§ **SOURCE MATERIAL**:
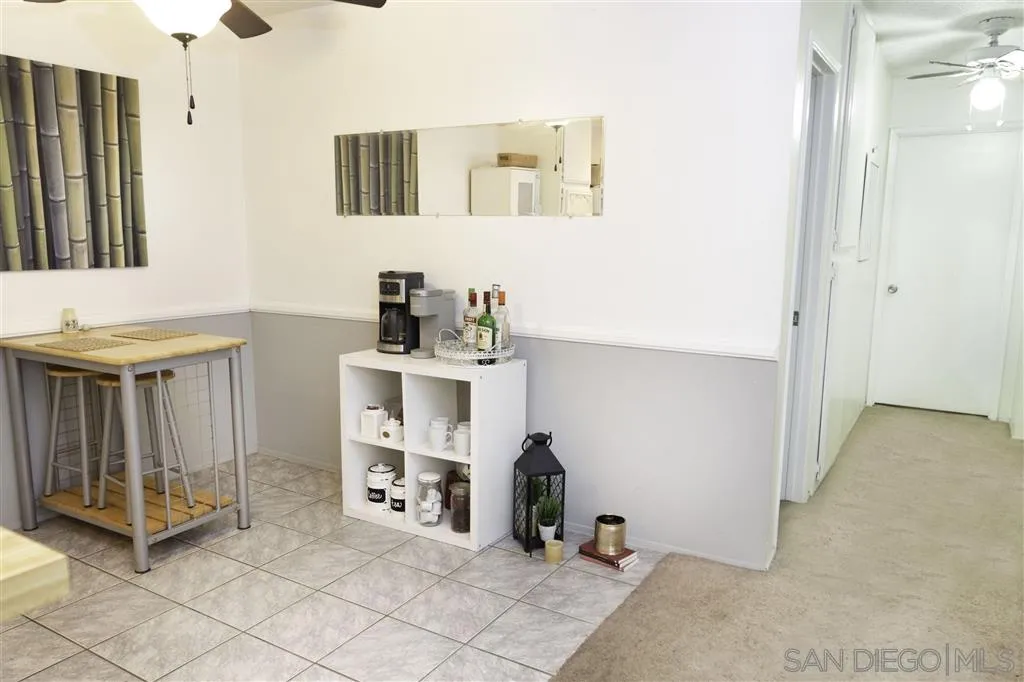 3583 Ruffin Road, Unit 214 San Diego, CA 92123 - Photo 4 of 12 a view of a hallway with workspace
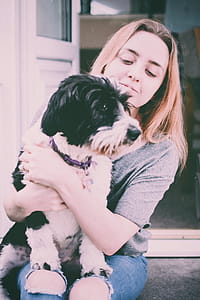 Photo of Woman Holding Black And White Dog thumbnail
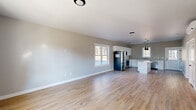 This newly built single-floor home offers a clean, modern aesthetic with an open-concept design that seamlessly connects the living area and kitchen. Light-toned hardwood flooring runs throughout, complementing the neutral gray and beige wall palette that gives the home a bright, airy feel.

The kitchen is a standout feature, outfitted with crisp white shaker-style cabinetry, white quartz countertops, a classic subway tile backsplash, and a full suite of stainless steel appliances including a French door refrigerator, range, microwave, and dishwasher. A center island provides additional prep and gathering space, while bold black pendant lighting adds a modern contrast. A stainless steel undermount sink is positioned beneath a window with views of the surrounding landscape.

§ **TASK DESCRIPTION**: Word for word, restate the lines from the first line of the material through the line containing "This newly built", with the pictures left out.

§ **WRITTEN SOLUTION**:
 3583 Ruffin Road, Unit 214 San Diego, CA 92123 - Photo 4 of 12 a view of a hallway with workspace
 Photo of Woman Holding Black And White Dog thumbnail
 This newly built single-floor home offers a clean, modern aesthetic with an open-concept design that seamlessly connects the living area and kitchen. Light-toned hardwood flooring runs throughout, complementing the neutral gray and beige wall palette that gives the home a bright, airy feel.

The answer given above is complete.